→ **What you are asked to do**: Using the records below, report how many lines hold "Diamond", with no extra text.

*** Opening Extracted records ***

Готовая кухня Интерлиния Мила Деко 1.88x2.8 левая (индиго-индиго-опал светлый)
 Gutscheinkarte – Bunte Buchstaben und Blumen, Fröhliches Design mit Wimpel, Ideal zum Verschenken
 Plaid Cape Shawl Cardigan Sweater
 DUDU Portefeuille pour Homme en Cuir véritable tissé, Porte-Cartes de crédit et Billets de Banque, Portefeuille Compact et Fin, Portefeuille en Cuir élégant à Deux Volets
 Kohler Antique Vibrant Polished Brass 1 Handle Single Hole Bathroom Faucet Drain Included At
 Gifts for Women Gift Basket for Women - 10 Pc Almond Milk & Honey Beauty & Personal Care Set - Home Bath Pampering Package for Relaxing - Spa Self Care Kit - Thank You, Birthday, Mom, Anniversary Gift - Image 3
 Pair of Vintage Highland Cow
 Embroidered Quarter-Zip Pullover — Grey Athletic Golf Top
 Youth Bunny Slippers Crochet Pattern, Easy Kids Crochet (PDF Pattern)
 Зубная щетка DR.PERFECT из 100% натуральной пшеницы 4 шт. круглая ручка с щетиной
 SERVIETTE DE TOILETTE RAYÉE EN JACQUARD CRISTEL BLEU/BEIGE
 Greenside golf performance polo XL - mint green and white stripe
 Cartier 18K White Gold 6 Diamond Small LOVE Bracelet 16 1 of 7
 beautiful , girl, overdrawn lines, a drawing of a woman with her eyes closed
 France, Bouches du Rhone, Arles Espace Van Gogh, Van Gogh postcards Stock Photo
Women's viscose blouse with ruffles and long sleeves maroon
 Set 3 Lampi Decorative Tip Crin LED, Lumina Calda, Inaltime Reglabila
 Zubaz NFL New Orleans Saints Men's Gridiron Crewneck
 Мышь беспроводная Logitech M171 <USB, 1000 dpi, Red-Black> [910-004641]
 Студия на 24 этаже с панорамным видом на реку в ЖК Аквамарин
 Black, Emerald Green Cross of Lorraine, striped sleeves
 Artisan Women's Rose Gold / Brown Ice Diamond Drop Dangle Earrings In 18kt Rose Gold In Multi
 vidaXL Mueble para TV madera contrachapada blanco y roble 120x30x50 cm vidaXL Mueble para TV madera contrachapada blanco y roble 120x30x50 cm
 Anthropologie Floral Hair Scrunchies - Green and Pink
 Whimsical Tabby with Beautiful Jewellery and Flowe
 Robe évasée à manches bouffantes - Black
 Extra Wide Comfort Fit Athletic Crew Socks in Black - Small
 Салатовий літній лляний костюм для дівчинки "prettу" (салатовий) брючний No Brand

*** Closing Extracted records ***

→ **Result for this task**: 2